This year’s Las Vegas Def Con Conference has seen a program called Mayhem provisionally win the “Cyber Grand Challenge”. The competition, which is sponsored by DARPA, aims to find software that does the best job of automatically defending against cyber attacks.
The results was confirmed today 10:00 local time (17:00 GMT), and was the culmination of the three-year contest which pitted programs against each other based on their ability to teach, launch and defend against cyber-attacks. Winning will earn the team that wrote ‘Mayhem’ a $2 million prize.
The competition awarded points across 96 rounds. In each round, the programs authored streams of new code to both prove vulnerabilities existed in software and patch flaws.
The CGC rules in detail
- The CGC platform is based on the Linux operating system. However, it is modified slightly and named DECREE.
- The CGC contain only seven system calls (terminate, transmit, receive, fdwait, allocate, deallocate, and random)
- A vulnerability is defined as the ability to cause the OS to crash. A Proof of Vulnerability (POV) is an input which demonstrates this behaviour.
- All distributed Challenge Binaries (CBs) have one or more vulnerabilities.

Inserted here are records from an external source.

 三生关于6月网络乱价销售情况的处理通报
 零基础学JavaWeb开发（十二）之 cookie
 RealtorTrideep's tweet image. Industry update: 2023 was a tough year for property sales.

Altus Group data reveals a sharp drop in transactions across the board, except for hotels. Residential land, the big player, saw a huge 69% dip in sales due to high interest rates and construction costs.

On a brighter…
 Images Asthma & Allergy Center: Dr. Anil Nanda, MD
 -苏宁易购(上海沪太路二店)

- All CBs have several tests which are performed to ensure they behave as expected, so competitors cannot simply remove functionality to protect the program.
- What are the programs judged on?
- Functionality is measured by running the hidden tests on the binaries. Failing tests negatively affects a team’s score.

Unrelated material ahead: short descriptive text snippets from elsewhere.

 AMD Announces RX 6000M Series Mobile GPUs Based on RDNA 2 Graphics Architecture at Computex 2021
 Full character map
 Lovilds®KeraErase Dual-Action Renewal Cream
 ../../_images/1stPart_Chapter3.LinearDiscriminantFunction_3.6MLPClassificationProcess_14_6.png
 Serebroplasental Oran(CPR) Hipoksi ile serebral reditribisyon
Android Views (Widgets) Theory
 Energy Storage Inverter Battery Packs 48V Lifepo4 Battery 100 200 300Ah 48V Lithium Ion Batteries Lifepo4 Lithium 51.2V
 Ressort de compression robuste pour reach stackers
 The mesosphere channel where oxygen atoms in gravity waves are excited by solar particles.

- Security is measured by running the POVs created by the challenge authors on the RB. If no POVs are blocked, the score is 0.
- Performance is measured by taking the execution overhead, memory overhead, and size overhead of the RB. The greater the overhead, the worse the score.

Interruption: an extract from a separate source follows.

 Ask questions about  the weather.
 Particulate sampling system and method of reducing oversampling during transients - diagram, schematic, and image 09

- If any POVs are found by the competitor, their score on the binary is doubled. Therefore, if their original score was 0, a POV will not help.
Tweaked versions of vulnerabilities such as Heartbleed, the Morris Worm and Sendmail crackaddr were thrown at the computers, and certain machines detected and repaired them.
Mike Walker, program manager for the CGC, said the competition “prove[d] that this automation is possible”. While DARPA officials, the U.S. defence agency which sponsored the contest, said the machines gave a possible glimpse of the future of cybersecurity.
It isn’t clear how well these techniques would work in real-world environments. In the competition, the machines played off against each other in a “Capture the Flag game” that analysed flaws in a simplified operating system. A real operating system is much more complex because it encompasses a much larger ecosystem of existing apps.
A real operating system is much more complex because it encompasses a much larger ecosystem of existing apps.
Regardless, “Mayhem” designer, David Brumley, said that it proved that supercomputers are up to the challenge. Explaining that “Cybersecurity has relied on human effort, and we still need that, but we haven’t done enough to automate”.
His Pennsylvanian company ForAllSecure has already been using machine-based detecting techniques to find flaws in Linux. If “Mayhem” is confirmed as the competition winner later today, ForAllSecure will be able to use that secure more funding and start “making a difference right away”.
Once the contest winner is announced, the machine will perform a final test against a human player at a Capture the Flag game at DEF CON.